L’incontro con il direttore sportivo e il linguaggio in codice

Un episodio chiave dell’indagine risale all’agosto 2022, quando Ciro Scognamiglio avrebbe ricevuto nella sua abitazione Carmine Palumbo, all’epoca direttore sportivo del Savoia. Durante quell’incontro, Scognamiglio avrebbe consigliato al dirigente di “tenersi buono” Savino, sottintendendo che il pagamento della somma richiesta fosse una garanzia per evitare problemi. L’estorsione, dunque, sarebbe stata mascherata da un consiglio amichevole, una modalità ricorrente nelle dinamiche camorristiche.

Le indagini hanno inoltre rivelato l’uso di un linguaggio in codice per comunicare le richieste di denaro. Le intercettazioni telefoniche e ambientali hanno registrato espressioni come “due-tre mele annurche”, un riferimento velato alle somme da versare per non destare sospetti. Questo tipo di strategia, tipico delle organizzazioni mafiose, permette di mantenere un’apparente distanza dalle attività illecite, pur continuando a esercitare un forte controllo sulla vittima.

Camorra e calcio: un binomio ancora radicato

L’inchiesta si inserisce in un quadro più ampio di infiltrazioni della camorra nel calcio minore, un fenomeno che negli anni ha visto diverse società sportive diventare strumenti nelle mani della criminalità organizzata. I clan utilizzano le squadre locali non solo per riciclare denaro, ma anche per consolidare il proprio potere sul territorio, sfruttando il legame tra tifo e identità cittadina.

Nel caso specifico del Savoia, la pressione esercitata sugli ex dirigenti avrebbe avuto anche un secondo fine: garantire un elevato numero di abbonamenti tra i tifosi, un elemento cruciale per la stabilità economica della società. Il controllo della curva, infatti, è spesso un elemento determinante per condizionare la gestione di un club, come dimostrato in altre inchieste su rapporti tra ultras e criminalità organizzata.

Il processo come punto di svolta

L’arresto e la successiva concessione degli arresti domiciliari per Scognamiglio non segnano la fine della vicenda, ma rappresentano solo una tappa di un’indagine che potrebbe svelare ulteriori connessioni tra il mondo del calcio e la camorra. Il processo sarà decisivo per stabilire le responsabilità degli imputati e verificare la reale portata del fenomeno.

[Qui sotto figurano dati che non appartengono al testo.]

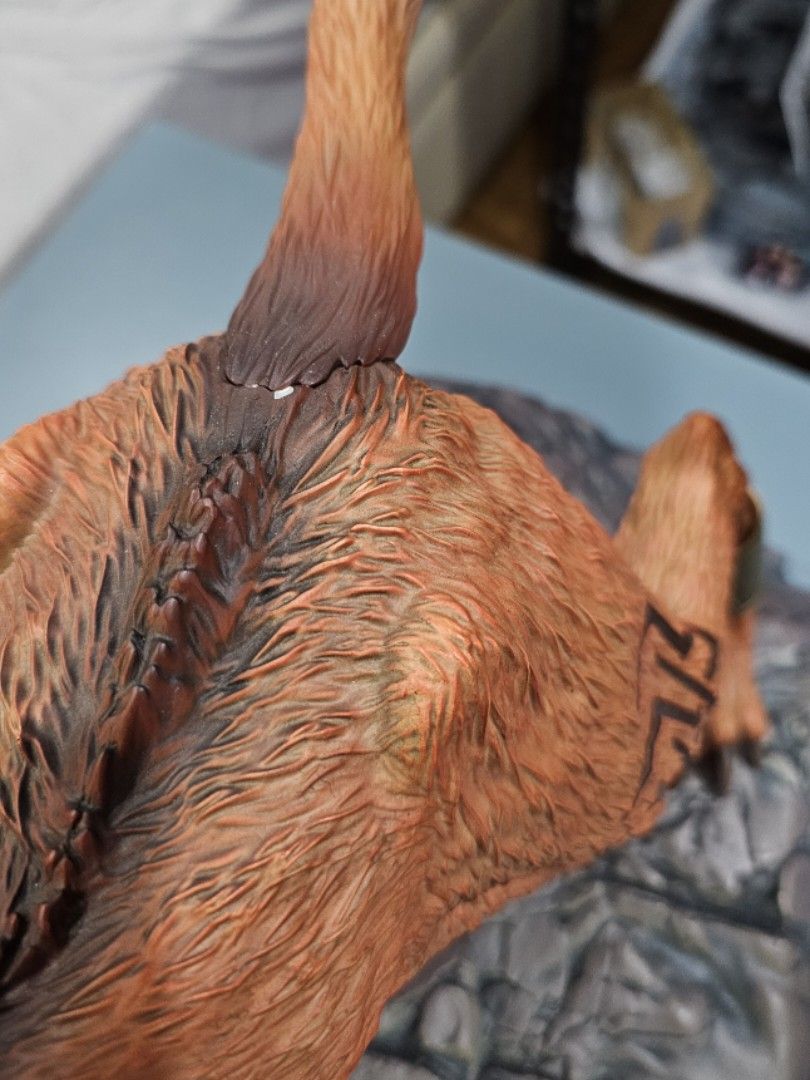Final Fantasy Chocobo OG GK Statue - Solar Studio [Pre-Order] main image 0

Il caso ha acceso nuovamente i riflettori sulle dinamiche che regolano il calcio dilettantistico e semi-professionistico, un settore dove spesso la mancanza di risorse e la necessità di finanziamenti esterni possono aprire la porta a interferenze criminali. Il verdetto della magistratura potrebbe rappresentare un ulteriore passo avanti nella lotta alle infiltrazioni mafiose nello sport, un tema che rimane di grande attualità e che continua a preoccupare le autorità.